### SOURCE DATA

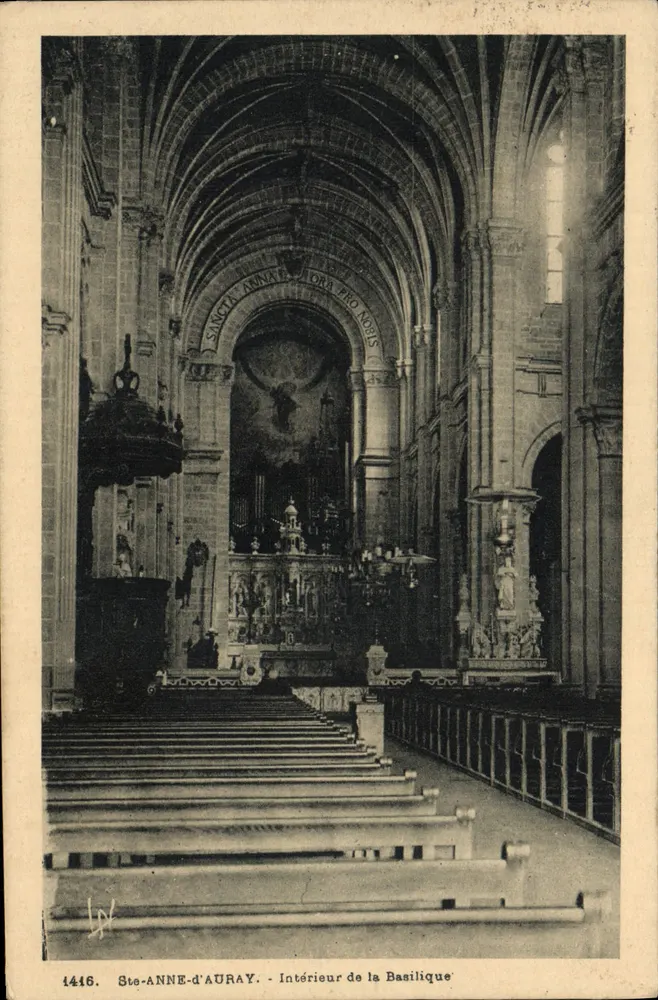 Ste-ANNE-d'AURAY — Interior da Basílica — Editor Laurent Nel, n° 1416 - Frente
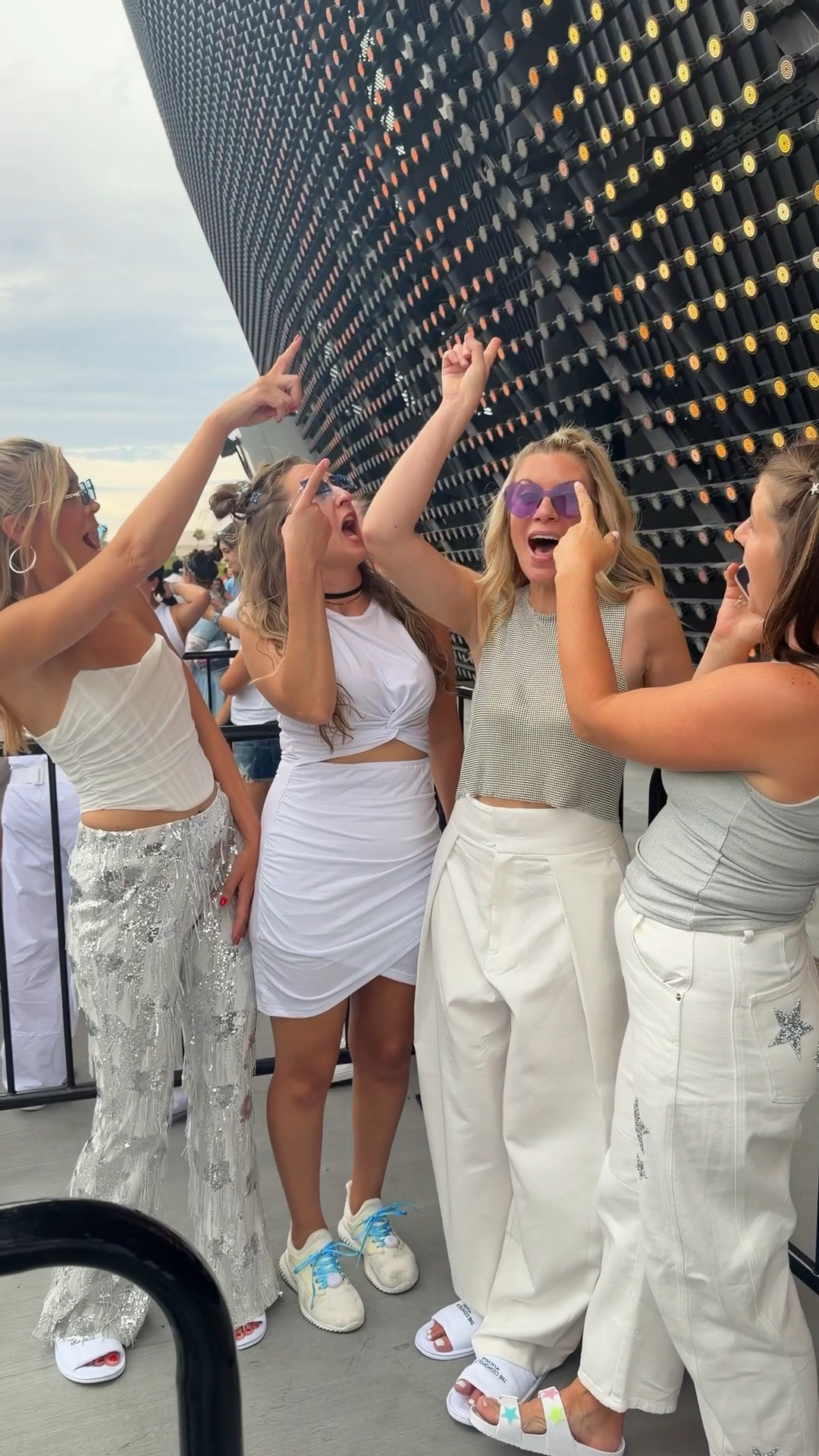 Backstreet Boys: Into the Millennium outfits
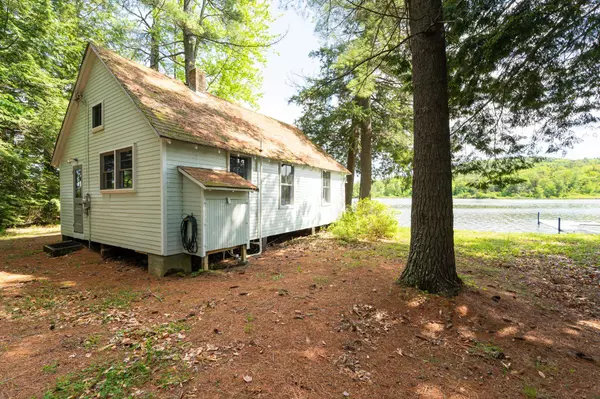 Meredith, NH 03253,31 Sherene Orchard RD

### WHAT IS EXPECTED
Set the listing above down again exactly, leaving pictures out.

### ANSWER TO THE EXERCISE
 Ste-ANNE-d'AURAY — Interior da Basílica — Editor Laurent Nel, n° 1416 - Frente
 Backstreet Boys: Into the Millennium outfits
 Meredith, NH 03253,31 Sherene Orchard RD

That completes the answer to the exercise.